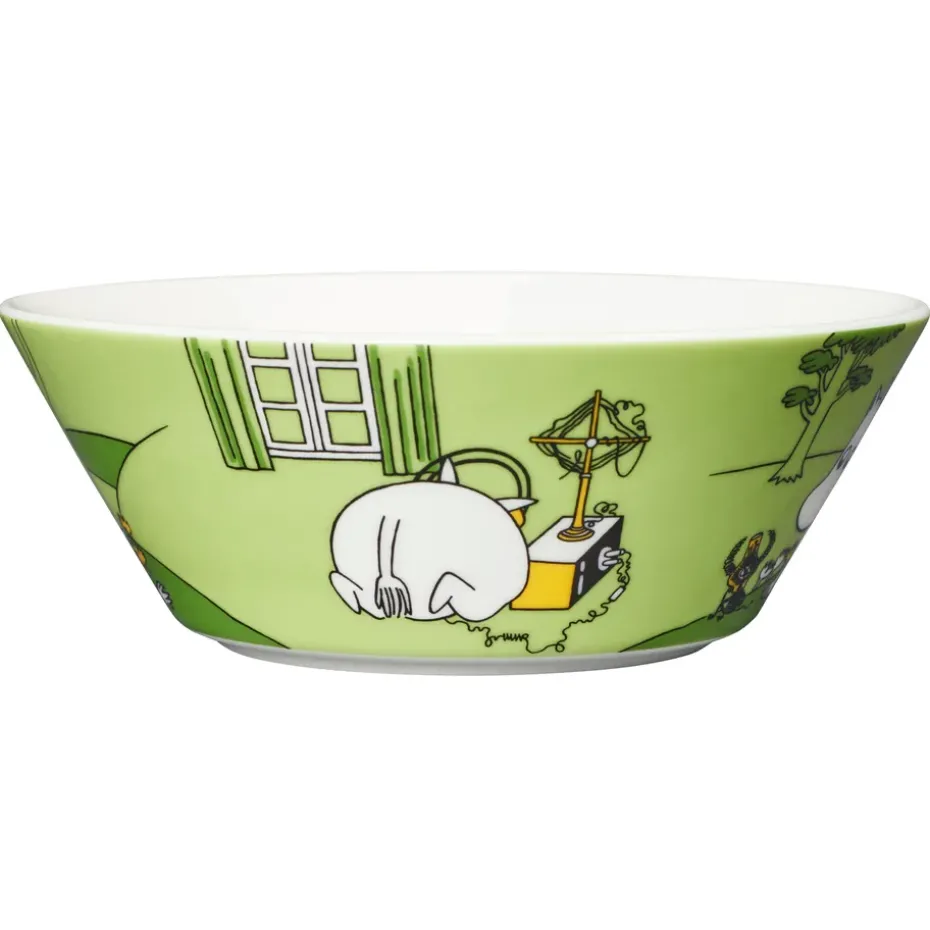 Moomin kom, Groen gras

* * *

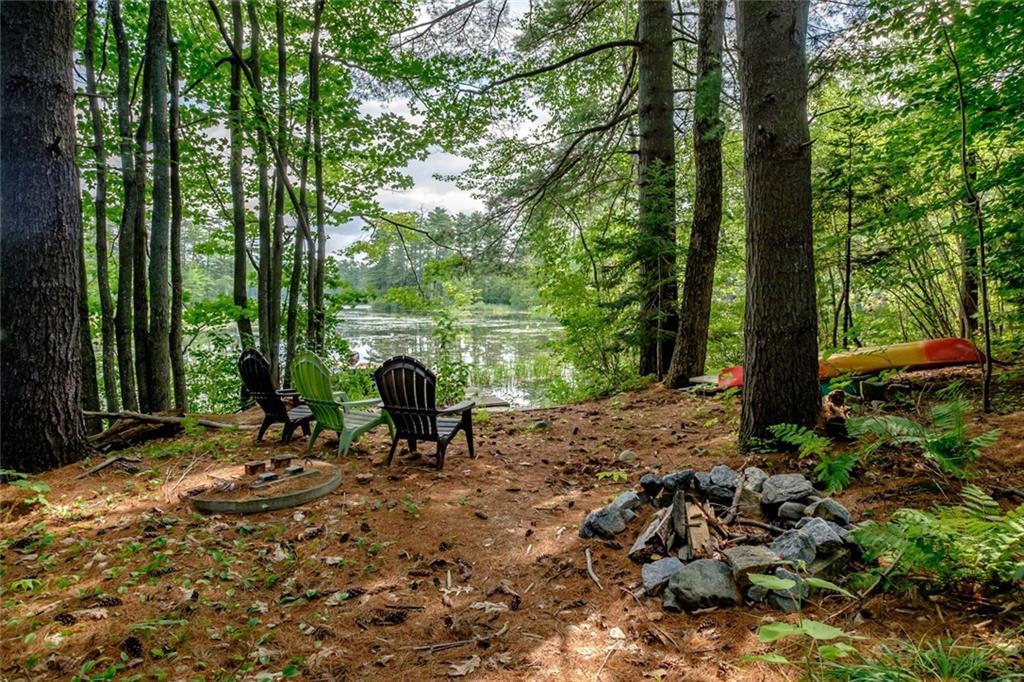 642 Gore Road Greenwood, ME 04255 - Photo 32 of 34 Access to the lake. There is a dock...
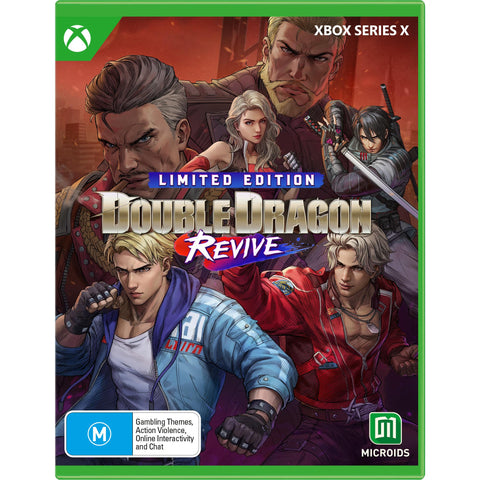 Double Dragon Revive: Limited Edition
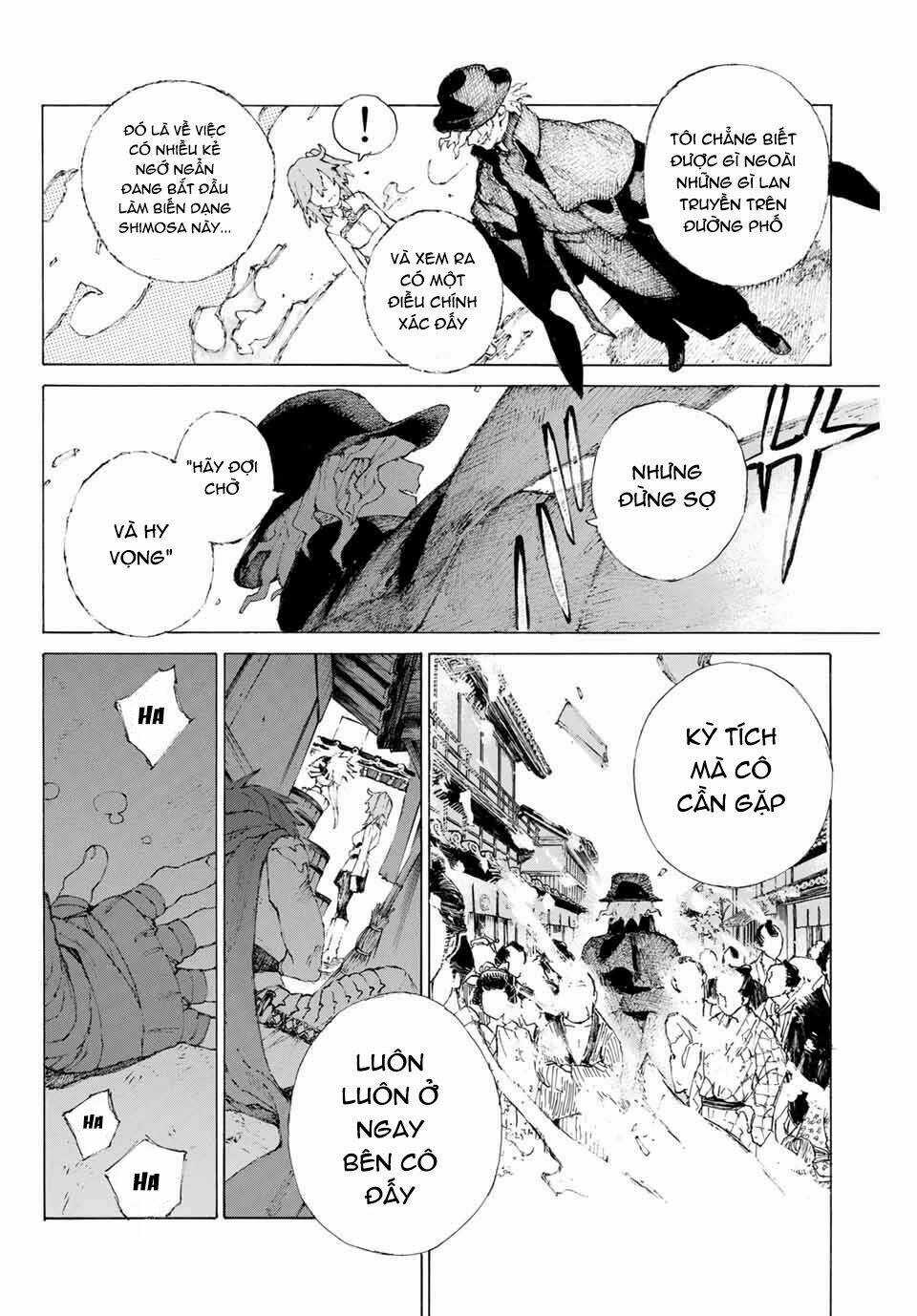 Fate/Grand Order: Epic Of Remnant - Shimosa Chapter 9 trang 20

What needs to be done: Extract the part of the records that opens with the line containing "642 Gore Road" and closes with the line containing "Fate/Grand Order: Epic". Take only those lines, exactly, and no pictures.

Exercise answer:
 642 Gore Road Greenwood, ME 04255 - Photo 32 of 34 Access to the lake. There is a dock...
 Double Dragon Revive: Limited Edition
 Fate/Grand Order: Epic Of Remnant - Shimosa Chapter 9 trang 20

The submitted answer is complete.